In short, Polymerase Chain Reaction (PCR) is a laboratory technique used to make millions of copies of a specific DNA segment. Scientists often need to study DNA, but biological samples (like a drop of blood or a swab from a cheek) usually contain a very tiny amount of genetic material—too little to see or analyze directly. PCR solves this “needle in a haystack” problem by amplifying the DNA until there is a large enough quantity to work with.

How PCR Works: The Three-Step Cycle

PCR doesn’t require complex machinery to “cut and paste” DNA; instead, it uses temperature changes to control the reaction.
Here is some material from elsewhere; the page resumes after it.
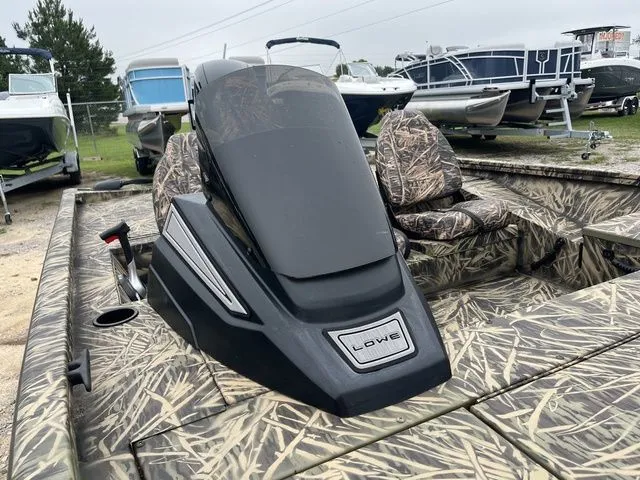 Slide: The Image of 2024 Lowe Stinger 175C boat with camouflage seats and console, displayed outdoors. - 11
The process happens inside a thermal cycler and repeats roughly 25 to 40 times.

1. Denaturation (The “Unzip”)

The reaction mixture is heated to approximately 95°C. At this high temperature, the hydrogen bonds holding the two strands of the DNA double helix together break, causing the DNA to separate into two single strands.
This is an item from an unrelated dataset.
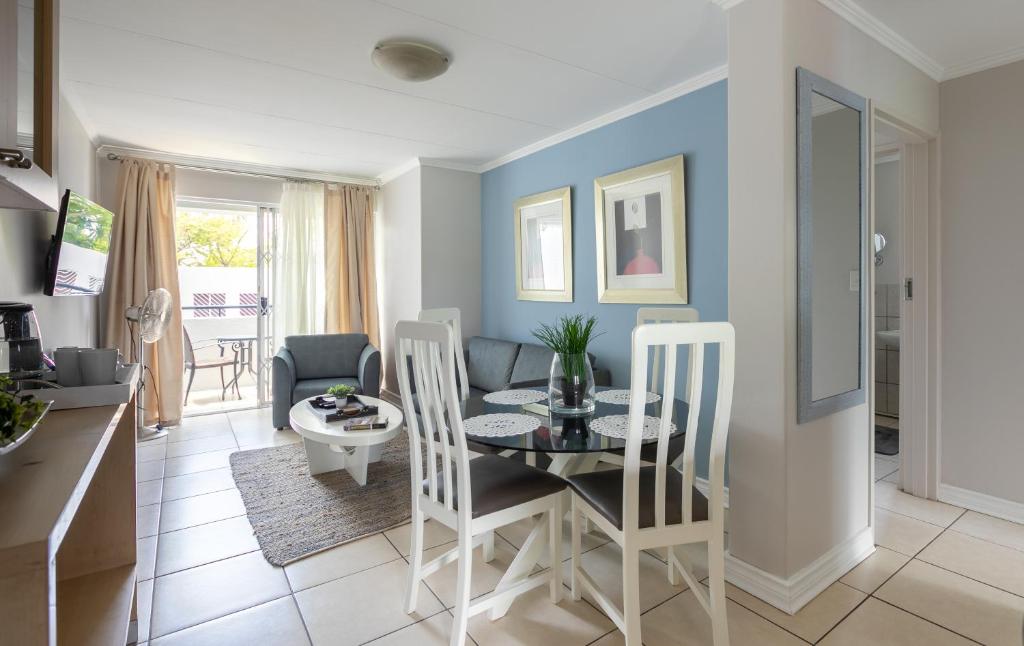 Johannesburg的住宿－Radstays - 43 Madison Palms，厨房以及带桌椅的起居室。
2. Annealing (The “Prime”)

The temperature is lowered to between 50°C and 65°C. This allows short pieces of custom-built DNA called primers to bind (anneal) to the specific target sequences on the single-stranded DNA. These primers act as “bookmarks,” telling the enzyme exactly where to start copying.
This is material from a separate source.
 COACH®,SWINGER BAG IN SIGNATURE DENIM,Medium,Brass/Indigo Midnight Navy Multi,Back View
3. Extension (The “Build”)

The temperature is raised to about 72°C. An enzyme called Taq polymerase (a heat-stable DNA polymerase) grabs onto the primers and begins adding nucleotides to the strand. It builds a new complementary strand of DNA, effectively doubling the amount of target DNA.

Practical PCR Protocol and Troubleshooting

Set up a 25 µL reaction on ice: 12.5 µL of 2× PCR master mix (containing Taq polymerase, dNTPs, MgCl2, and buffer), 0.5 µL each of forward and reverse primers (10 µM stock, final concentration 0.2 µM), 1–100 ng of template DNA, and nuclease-free water to 25 µL. Design primers with 18–24 nucleotides, 40–60% GC content, and a melting temperature of 55–65°C. The optimal annealing temperature (Ta) is 3–5°C below the primer Tm; run a gradient from 50°C to 65°C to determine the best Ta. Avoid primers with 3’ GC clamps longer than 3 bases, runs of same nucleotide longer than 4, or predicted hairpin structures. Amplify using an initial denaturation at 95°C for 3 minutes, followed by 30–35 cycles of 95°C for 30 seconds, Ta for 30 seconds, and 72°C for 30–60 seconds per kb of target, with a final extension at 72°C for 5 minutes. If no product is obtained, increase template amount, reduce Ta by 2–5°C, or add DMSO (2–5%) for GC-rich templates. For nonspecific bands, increase Ta, reduce MgCl2 to 1.5 mM, or decrease primer concentration. If smearing occurs, reduce cycle number or template amount. Analyze 5 µL of product by agarose gel electrophoresis with a DNA ladder for size confirmation.

Real-World Application

In genotyping a human SNP (rs1800497), PCR with allele-specific primers amplifies a 320 bp product from genomic DNA extracted from buccal swabs. An annealing temperature gradient identifies 60°C as optimal. After 35 cycles, gel electrophoresis shows a single clean band in all samples. The product is Sanger sequenced to confirm the Taq1A polymorphism, demonstrating the importance of primer design and thermal optimization for reproducible genotyping.